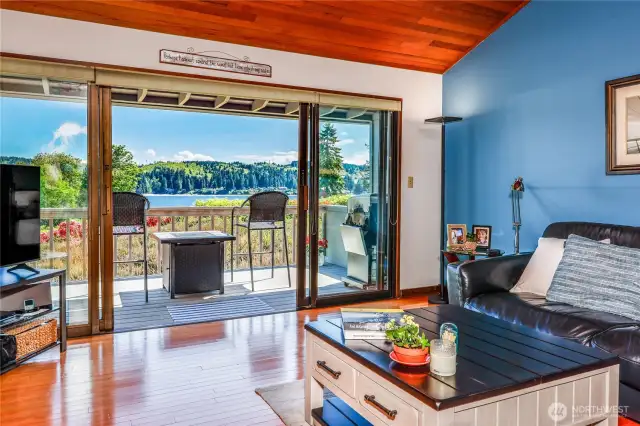 The view from your living room is lovely! Note the deck doors open wide for indoor/outdoor living.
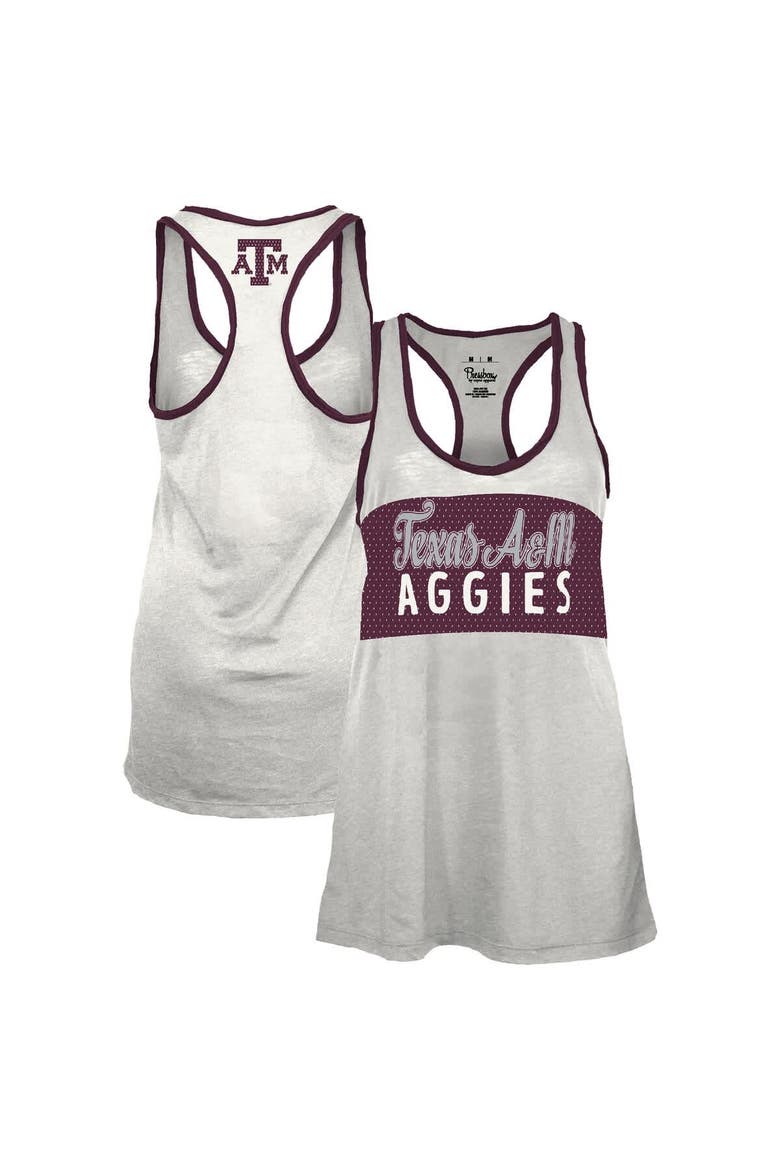 Women's Pressbox White/Maroon Texas A&M Aggies Tracy Racerback Burnout Tank Top, Main, color, White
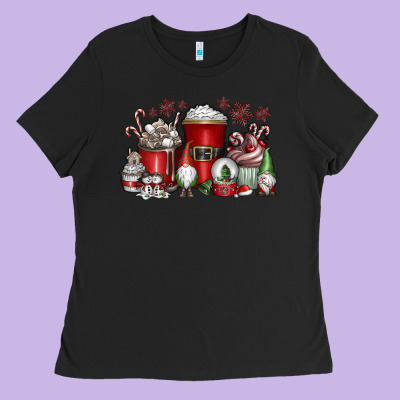 Christmas Coffee Drink Ladies Tee Designed By Cowhidedigitalart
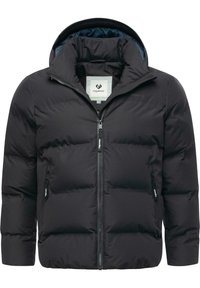 Giacca nera, morbida, con cappuccio e cerniera frontale completa. Presenta due tasche laterali con cerniera e un rivestimento interno liscio. Design semplice e funzionale.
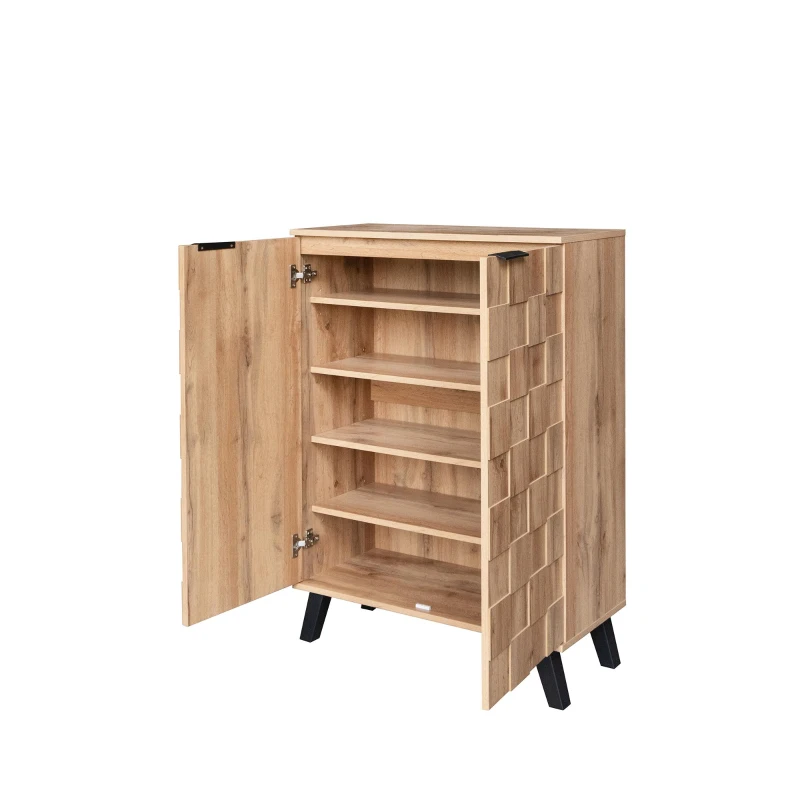 Modern Shoe Cabinet with Adjustable Shelves and Soft-Closing Hinges, Large Storage Locker for Boots and Hallway, 80L x 35W x 110H cm, Wood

----

▶ **PROBLEM STATEMENT**
Only the lines from the one containing "Giacca nera, morbida, con" through the final line of the entries belong in the copy, both ends included. Pictures stay out.

▶ **EXPECTED OUTPUT**
 Giacca nera, morbida, con cappuccio e cerniera frontale completa. Presenta due tasche laterali con cerniera e un rivestimento interno liscio. Design semplice e funzionale.
 Modern Shoe Cabinet with Adjustable Shelves and Soft-Closing Hinges, Large Storage Locker for Boots and Hallway, 80L x 35W x 110H cm, Wood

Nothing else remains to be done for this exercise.